El legado de Carlos Salinas de Gortari es, sin duda, el más complejo y debatido de la historia moderna de México.
Su administración no fue simplemente un cambio de gobierno, sino un cambio de era que desmanteló el viejo sistema revolucionario para instaurar un modelo neoliberal.
A más de tres décadas de su mandato, las decisiones tomadas en ese sexenio siguen siendo el esqueleto sobre el que opera la economía nacional.
Para entender el México de hoy, es indispensable diseccionar las reformas que transformaron radicalmente la relación entre el Estado y la sociedad.
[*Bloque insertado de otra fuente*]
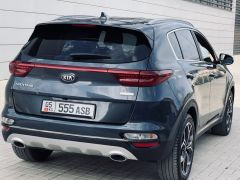 Сүрөт унаа Kia Sportage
Salinas llegó al poder cargando con la sombra de la ilegitimidad tras las controvertidas elecciones de 1988 y la caída del sistema.
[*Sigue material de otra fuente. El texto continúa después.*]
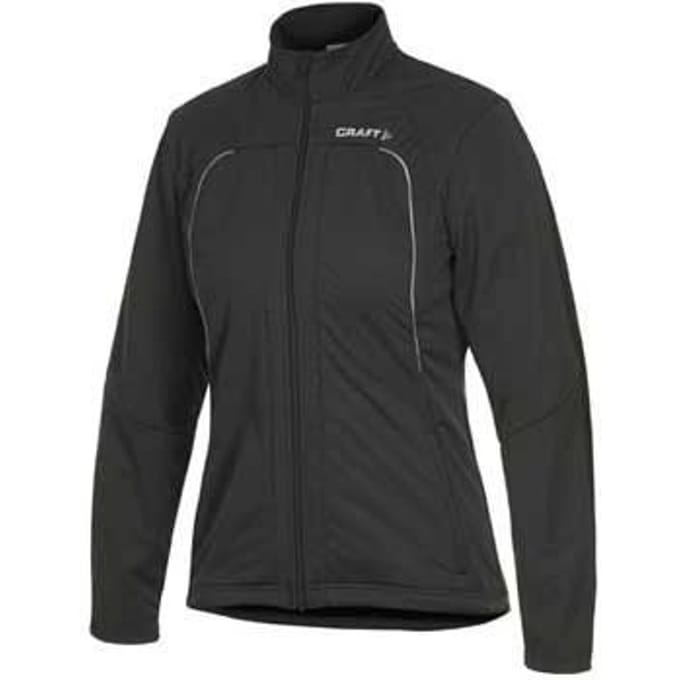 CRAFT PXC Storm W - Maat L - Dames jas - zwart 194663-2999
Esa falta de credibilidad inicial lo impulsó a buscar una legitimación a través de resultados económicos rápidos y golpes de autoridad espectaculares.
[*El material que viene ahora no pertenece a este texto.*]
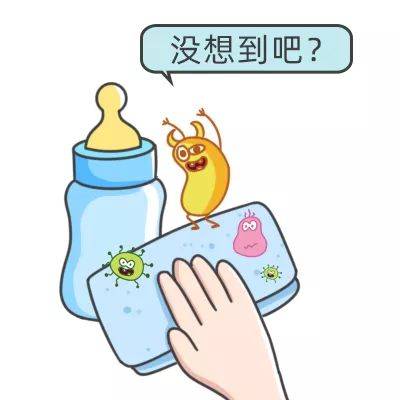 @新手寶媽：奶瓶你洗對(duì)了嗎？　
Su proyecto de nación se basaba en la premisa de que México debía modernizarse a toda costa para sobrevivir en un mundo globalizado.
La estrategia se centró en la reducción del tamaño del Estado y la apertura comercial indiscriminada.
Una de las primeras y más drásticas medidas fue la privatización masiva de empresas paraestatales.
El gobierno vendió cientos de empresas que eran propiedad de la nación, bajo el argumento de que eran ineficientes y generaban un gasto insostenible.
El caso más emblemático fue la venta de Teléfonos de México (Telmex), que pasó de ser un monopolio estatal a un monopolio privado.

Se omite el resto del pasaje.